Para los románticos del retraso, el Big Ben de Londres es un símbolo nefasto del despreciable instinto de dominación. Para los rebeldes del mundo mecanizado, llegar tarde es más que un sentido de elegancia; es repudiar la civilización, para acercarse a la naturaleza, indómita, caótica en sus ritmos prolongados.
Pero la naturaleza es coordinación, una realidad incomprendida por igual en la izquierda y derecha fundamentalista. El dictamen de la evolución, por ejemplo, es cooperar; forma suprema de la coordinación. Confundir el dictamen darwinista de la “supervivencia del más apto” por “la supervivencia del más fuerte” es ignorar el diseño cósmico. Aquello que comprueba ser la mejor estrategia de supervivencia en todo animal social es la cooperación. Por ende, no es el más fuerte el que sobrevive, es el más cooperador.
Del reloj al teléfono celular; las culturas que encuentran placer en coordinar hacen honor al imperativo tanto de religión y naturaleza: “cooperar los unos con los otros”. El éxito de sociedades organizadas y su capacidad de coordinación no es casualidad; es reflejo de una ética elemental. Súbditos de naciones que conocen los horrores de la desorganización encuentran placer en llamar al otro para informar que el tráfico está muy pesado y que llegará a la reunión un poco tarde.

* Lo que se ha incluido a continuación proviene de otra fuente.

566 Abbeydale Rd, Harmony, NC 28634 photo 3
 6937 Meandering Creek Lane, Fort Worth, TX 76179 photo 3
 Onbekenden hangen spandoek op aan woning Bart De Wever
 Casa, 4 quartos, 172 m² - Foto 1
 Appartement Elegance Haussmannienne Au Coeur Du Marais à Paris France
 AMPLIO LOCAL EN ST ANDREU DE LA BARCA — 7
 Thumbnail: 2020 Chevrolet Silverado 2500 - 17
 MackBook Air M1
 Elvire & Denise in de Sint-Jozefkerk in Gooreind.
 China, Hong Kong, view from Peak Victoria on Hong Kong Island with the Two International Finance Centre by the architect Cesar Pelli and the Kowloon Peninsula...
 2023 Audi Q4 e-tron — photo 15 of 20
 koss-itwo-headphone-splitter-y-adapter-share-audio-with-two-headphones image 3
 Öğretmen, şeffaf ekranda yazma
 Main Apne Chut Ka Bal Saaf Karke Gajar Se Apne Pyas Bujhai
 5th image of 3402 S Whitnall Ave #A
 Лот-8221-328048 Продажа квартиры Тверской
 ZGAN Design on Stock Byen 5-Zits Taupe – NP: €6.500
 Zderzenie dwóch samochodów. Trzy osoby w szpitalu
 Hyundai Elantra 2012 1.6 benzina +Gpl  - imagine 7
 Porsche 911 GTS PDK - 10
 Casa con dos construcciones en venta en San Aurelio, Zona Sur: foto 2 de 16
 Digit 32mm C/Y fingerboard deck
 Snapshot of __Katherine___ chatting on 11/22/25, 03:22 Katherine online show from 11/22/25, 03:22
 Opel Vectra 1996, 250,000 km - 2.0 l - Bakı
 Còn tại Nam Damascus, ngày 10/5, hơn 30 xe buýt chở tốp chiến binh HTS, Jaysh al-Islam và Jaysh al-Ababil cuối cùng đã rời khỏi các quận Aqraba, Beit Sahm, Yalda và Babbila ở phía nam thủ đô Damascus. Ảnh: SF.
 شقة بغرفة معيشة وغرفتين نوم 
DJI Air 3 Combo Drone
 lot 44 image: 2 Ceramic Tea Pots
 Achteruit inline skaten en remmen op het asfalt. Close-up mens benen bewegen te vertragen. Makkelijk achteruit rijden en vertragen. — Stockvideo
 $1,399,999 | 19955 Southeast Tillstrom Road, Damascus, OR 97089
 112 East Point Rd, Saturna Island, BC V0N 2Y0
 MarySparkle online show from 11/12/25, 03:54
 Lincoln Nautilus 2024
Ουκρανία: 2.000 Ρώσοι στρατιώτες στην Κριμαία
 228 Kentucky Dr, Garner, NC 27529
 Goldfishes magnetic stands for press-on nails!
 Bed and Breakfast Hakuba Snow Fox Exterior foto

Pero el dolor que causa aquí tener que “dar explicaciones” palidece ante el dolor que causa el resquebrajamiento de la credibilidad. Nadie cree en nadie. En vez de un acuerdo creíble, la norma es el engaño institucionalizado. “Nos vemos a las 8”, no quiere decir lo que predica el enunciado. Nadie asume que el contrato verbal es literal: el convenio es discrecional y figurativo. ¿Qué sentido tiene entonces coordinar? Es mejor dejar el encuentro al azar y paciencia ajena, un desperdicio del tiempo de aquel dispuesto a honrar un compromiso. Quien pierde es la productividad, la legalidad, la fibra social que hace esa seguridad jurídica que nace desde abajo: la palabra personal.
El dolor mayor es la pobreza en medio del tesoro de nuestra riqueza natural. Atenuante temporal a la miseria vino cortesía de un alza en el precio de nuestro gas y minerales. En el mediano plazo, solamente la creación de empleos logrará que vivamos bien. Para ello se requiere de inversión, la cual requiere a su vez de credibilidad en los contratos contraídos, una premisa básica que parece causar mofa en aquellos que consideran “seguridad jurídica” una consigna “neoliberal”. ¿No causa dolor el espantar la inversión privada?
Otro dolor lo causan cotidianos avasalladores de la cooperación, delincuentes de la coordinación que a diario bloquean intersecciones; o mezquinos inquilinos que se apropian de una casa ajena, loteadores que se afincan en terrenos de lo demás. Si el reloj creó un imperio, también marcó su final. La coordinación hoy tiene propósitos más elevados que la conquista. La pregunta es, ¿cuándo encontraremos aquí placer en obedecer la ley, honrar contratos y respetar la propiedad y tiempo ajeno? Mientras el placer esté en la picardía criolla, jamás se organizará el verdadero proceso de cambio. Pero el dolor siempre llega - a su debida hora - a los hombres de pobre voluntad.